Когда я думаю об Америке, о столь хваленом (самим собой) «американском образе жизни», мне каждый раз представляется наша жизнь в годы НЭПа. Вернее, та жизнь, которую тщился укоренить НЭП. Почему-то верится мне, что НЭП – модель сущности «американского образа жизни» – верна в основе своей. Модель общества эгоизма, «свободной инициативы» и потребления, денежного престижа и бездуховности, оргий мещанского засилья и обслужной, «коммерционный», культуры… И толпы нищих и бездомных, слепцов и погорельцев, батраков и городских безработных, ищущих тщетно возможности заработать на хлеб. Не по книгам, не понаслышке знаю это время…
…Мне было десять-одиннадцать. Среди НЭПовской роскоши, ресторанов, пролеток, мещанской полнокровности и денежной всепозволенности, среди бойких торгашей, их упитанных жен и детей, одетых «чисто» – и, главное, при пионерских галстуках! – я был всегда голоден. Опять мир делился на бедных и богатых… Мир моего детства.

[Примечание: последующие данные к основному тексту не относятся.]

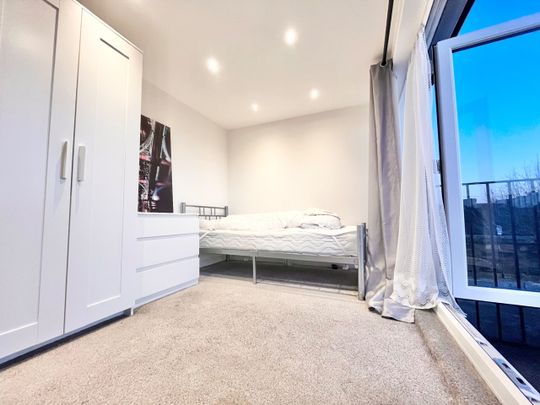 Room in a Shared House, Rosebank Road, E17 - Photo 1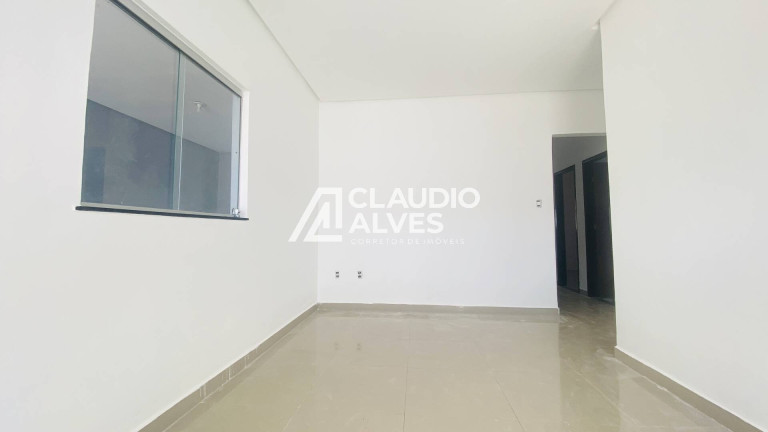 Imagem Casa com 5 Quartos à Venda, 300 m² em Conceição - Feira De Santana Imagem Casa com 5 Quartos à Venda, 300 m² em Conceição - Feira De Santana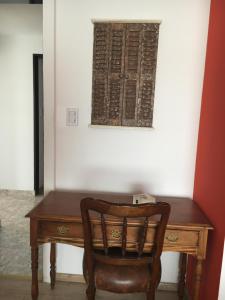 埃尔卡拉法特Casa Patagónica Los Frutales的一张木桌,旁边是椅子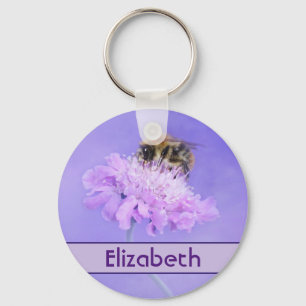Chaveiro Bumble Bee pregada em uma flor rosa personalizada
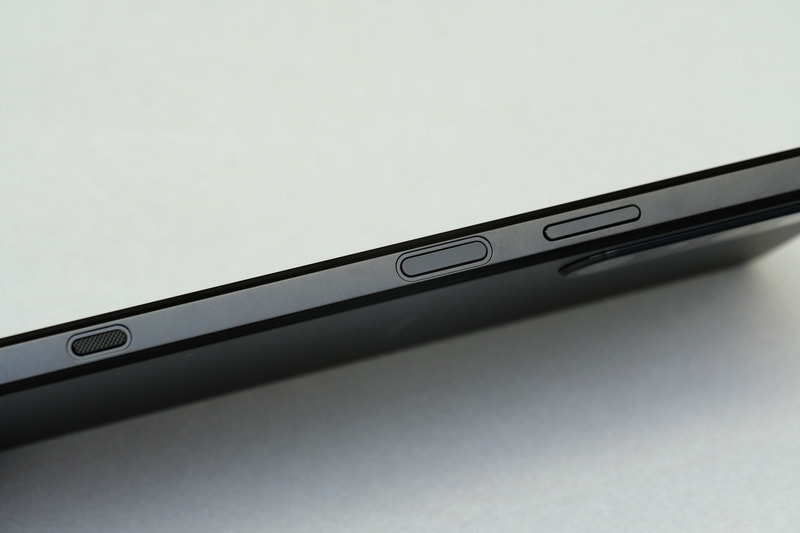 右側面の物理ボタンは、上(写真では右)からボリュームボタン、指紋認証センサー一体型電源ボタン、シャッターボタンの3つを配置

Я знал множество способов, как заработать на пятикопеечную «франзолю» (французскую булку), на ломоть черняшки с солью, но подчас все способы «отказывали». Камышовые палочки, из херсонских плавней, вдруг переставали покупать, надоели – намозолили глаза избыточно-назойливым предложением, нас, мальчишек, гуляющие франты прогоняли с тротуара пинком в зад или затрещиной взашей, папиросы теперь продавали лишь блатняги, перехватившие у нас монополию с нашими «капиталами». Понятия «рэкет» тогда еще не было, нашими леденцами все брезговали: мы ими торговали от цыган-изготовителей…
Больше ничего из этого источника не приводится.